Em termos dos limites estruturais, o autor pondera que, na esfera financeira, o elevado grau de abertura reforça a influência do ciclo de liquidez como determinante do ciclo doméstico, por meio da influência no crédito, nos preços dos ativos, na taxa de câmbio e na taxa de juros. Na esfera produtiva, a desarticulação das cadeias e aumento do coeficiente de importação, inclusive de insumos industriais, promovem o vazamento de demanda e reduzem o papel do acelerador no investimento induzido. Os limites estruturais, manifestações do caráter periférico da economia brasileira, seriam sempre condicionantes das opções de política econômica e do padrão de crescimento (MELLO & ROSSI, 2016; CARNEIRO, 2017).

A desaceleração do crescimento entre 2011 e 2014 converteu uma forte depressão no subperíodo seguinte. Segundo Mello & Rossi (2016), a recessão de 2015 e 2016 não seria explicada nem pelos erros de política econômica do período entre 2011 e 2014, e nem pelos entraves estruturais do subdesenvolvimento. A recessão seria o resultado do conjunto de

políticas econômicas recessivas, como a forte contração fiscal, o aumento da taxa básica de juros, a desvalorização cambial e o aumento dos preços administrados, em uma economia que já estava em trajetória de desaceleração.

A mudança na orientação da política econômica, segundo Serrano & Summa (2018), teve o objetivo de reverter a tendência de crescimento dos salários reais acima da produtividade. O “crescimento socialmente inclusivo”, como denominam os autores, acirrou o conflito distributivo e sua resolução a favor do capital ocorreu por meio da adoção de políticas contracionistas, por pressão da classe capitalista. Por fim, após dois anos de recessão, o crescimento voltou ao campo positivo em 2017 e 2018, mas ainda em patamares muito baixos e inferiores à média do período de 1999 e 2018.

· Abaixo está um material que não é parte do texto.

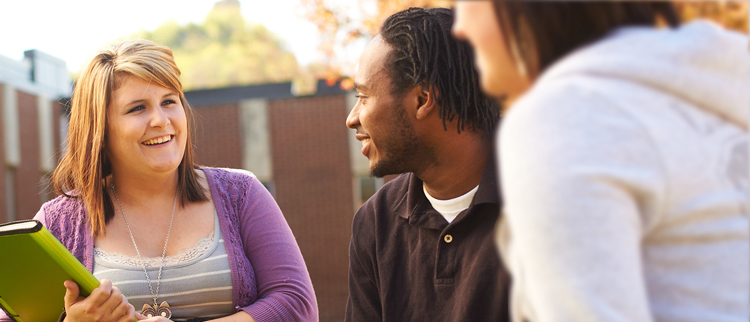 Counselor talking to two students outside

Essa breve descrição do desempenho macroeconômico brasileiro evidencia, em primeiro lugar, o caráter volátil do crescimento brasileiro entre 1999 e 2018, ou, como descrito, o movimento de stop & go. Em cada um dos períodos, fatores externos e a política econômica foram utilizados como variáveis explicativas da dinâmica brasileira. Como destacado desde a introdução, a partir de 2003, o Brasil não enfrentou uma crise externa clássica, nem mesmo com a crise financeira internacional de 2007/2008. A recessão de 2015 e 2016 tão pouco é resultado de crise externa aguda e da necessidade eminente de promover um ajuste externo. Entretanto, como destacado nos capítulos anteriores, o Brasil aprofundou sua inserção externa na dimensão monetária e financeira, assim como as finanças domésticas apresentaram um movimento próximo ao ciclo financeiro externo. A questão que emerge, a partir da análise de Biancarelli, Rosa & Vergnhanini (2017, 2018), é a possibilidade da prevalência de canais diretos pelos quais as finanças internacionais possam condicionar o ciclo econômico brasileiro. As próximas seções analisam essa hipótese.